Qualcomm To Win Back Samsung With New Snapdragon 820 Chips Slated For End 2015-Early 2016 Release

| Apr 22, 2015 05:10 AM EDT

Man walks past Qualcomm stand while attending the Mobile World Congress in Barcelona March 3, 2015. Ninety thousand executives, marketers and reporters gather in Barcelona this week for the telecom op

Qualcomm is believed to have approached Samsung to utilize the latter's chip manufacturing facility to manufacture its own Snapdragon 820 chips. The reason could be down to just a few nanometers - Samsung uses a 14nm manufacturing process compared to the 20nm facility Qualcomm relies on.
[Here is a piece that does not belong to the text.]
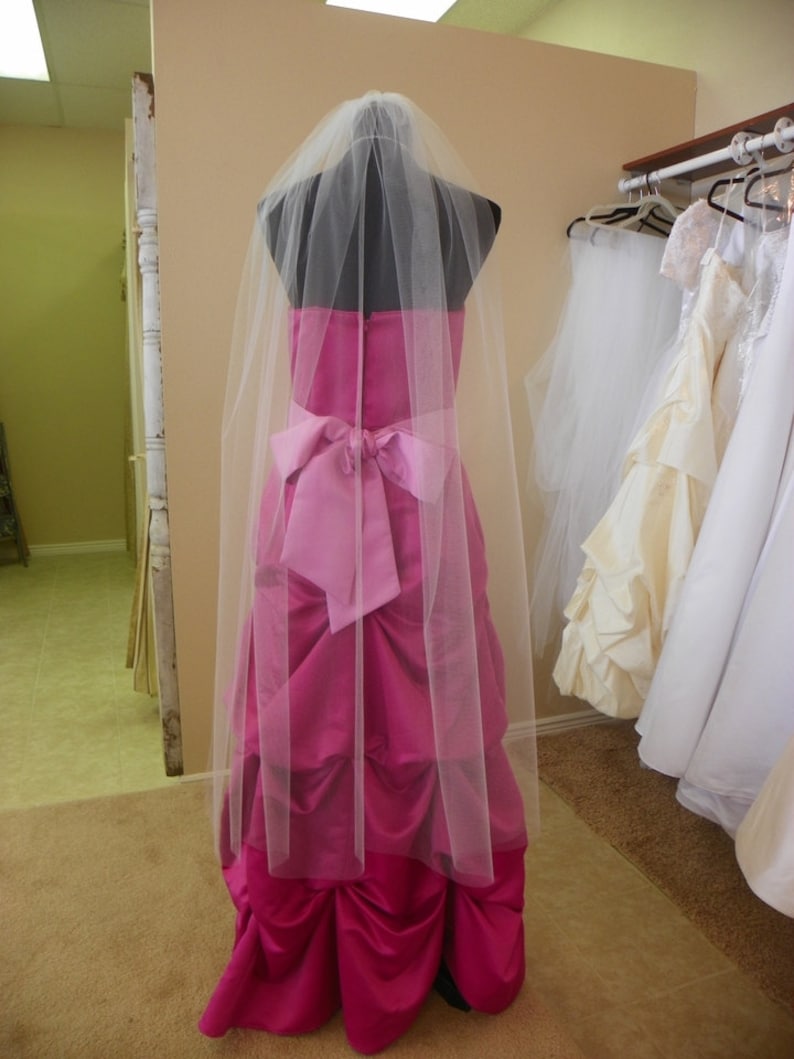 Waltz wedding veil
From a technical point of view, the thinner the wiring used, smaller will be the chips. Other inherent advantages of using thinner wires include less manufacturing cost and lower battery demands,stated Re-Code.
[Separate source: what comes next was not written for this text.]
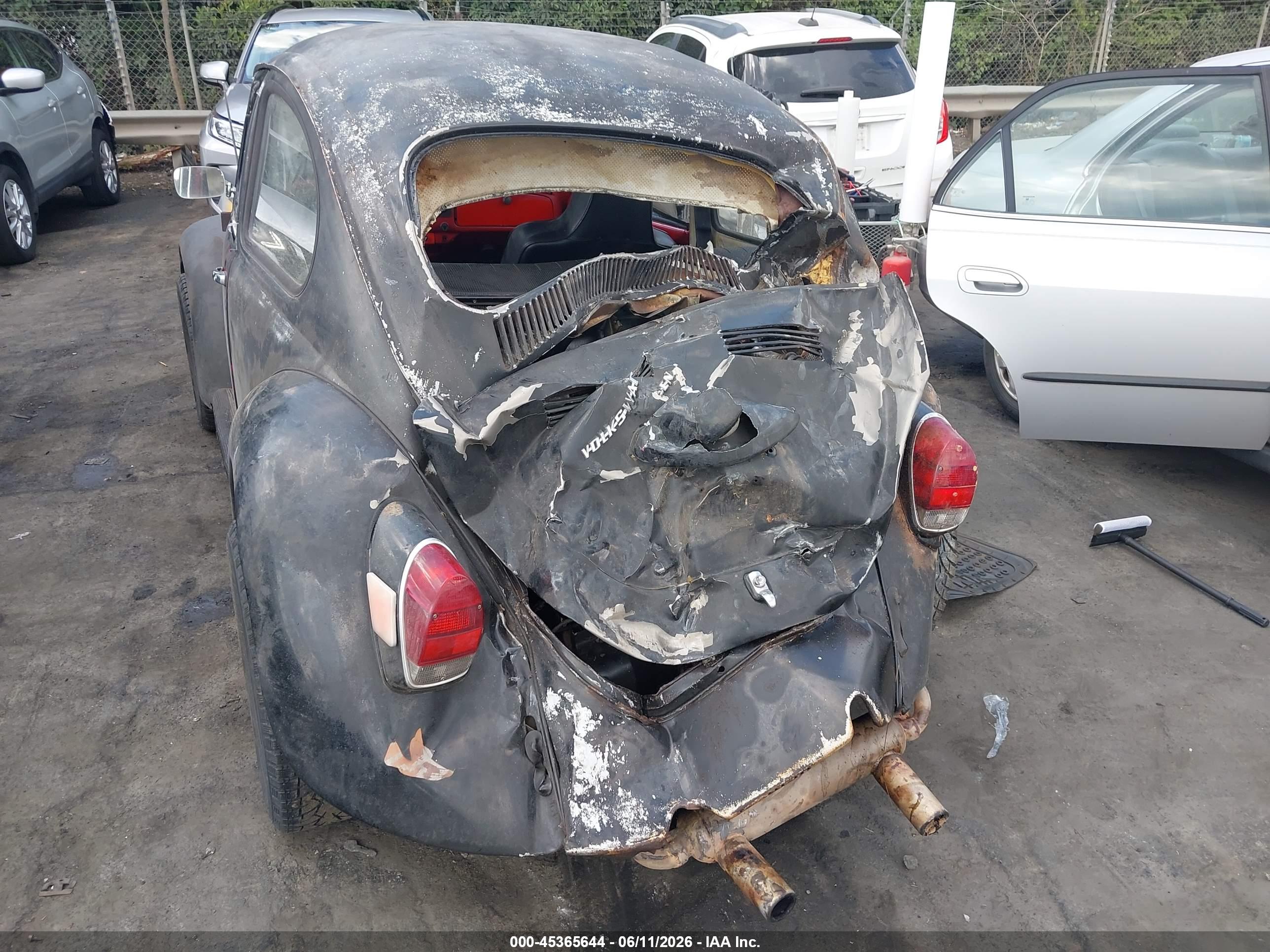 VOLKSWAGEN BEETLE image 6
The current Samsung flagship, the S6 and S6 Edge make use of Samsung's own Exynos 7420 chips and has already proved its mettle in various benchmark tests. The Snapdragon 810 chip found application in the HTC One M9 and the LG GFlex 2. Though not exactly a couch but the Exynos 7420 thoroughly outperforms the Snapdragon 810, as has been proved in many a benchmark test.

Qualcomm's traditional manufacturing partner is the Taiwan Semiconductor Manufacturing Company.

Samsung has broken convention by opting for its own chip for the S6 and S6 Edge instead of Snapdragon chips that used to power Samsung flagships in the past. With the move to manufacture its next gen chips at the Samsung facility, Qualcomm hopes to be back in the reckoning with Samsung for its future flagships.

Experts though doubt if that stands a chance considering the superb performance credential the Exynos 7420 has come to be known for.

Qualcomm, on the other hand, is pinning high hopes on its Snapdragon 820 chip which it hopes to be ready for a market debut towards end 2015 or early 2016. Qualcomm though is holding back on the full details except that it's going to be powered by its own ARMv8-A CPU core, christened Kryo. The current Snapdragon 810 makes do with ARM's reference Cortex-A57 and A53 cores.

Qualcomm also revealed its new Snapdragon 820 chip will be compatible with Zeroth advanced learning feature. Zeroth aims to mimic human behaviour such as identifying people from images and so on and aims to achieve that using the additional computational power the new Snapdragon 820 has to offer, stated Android Authority.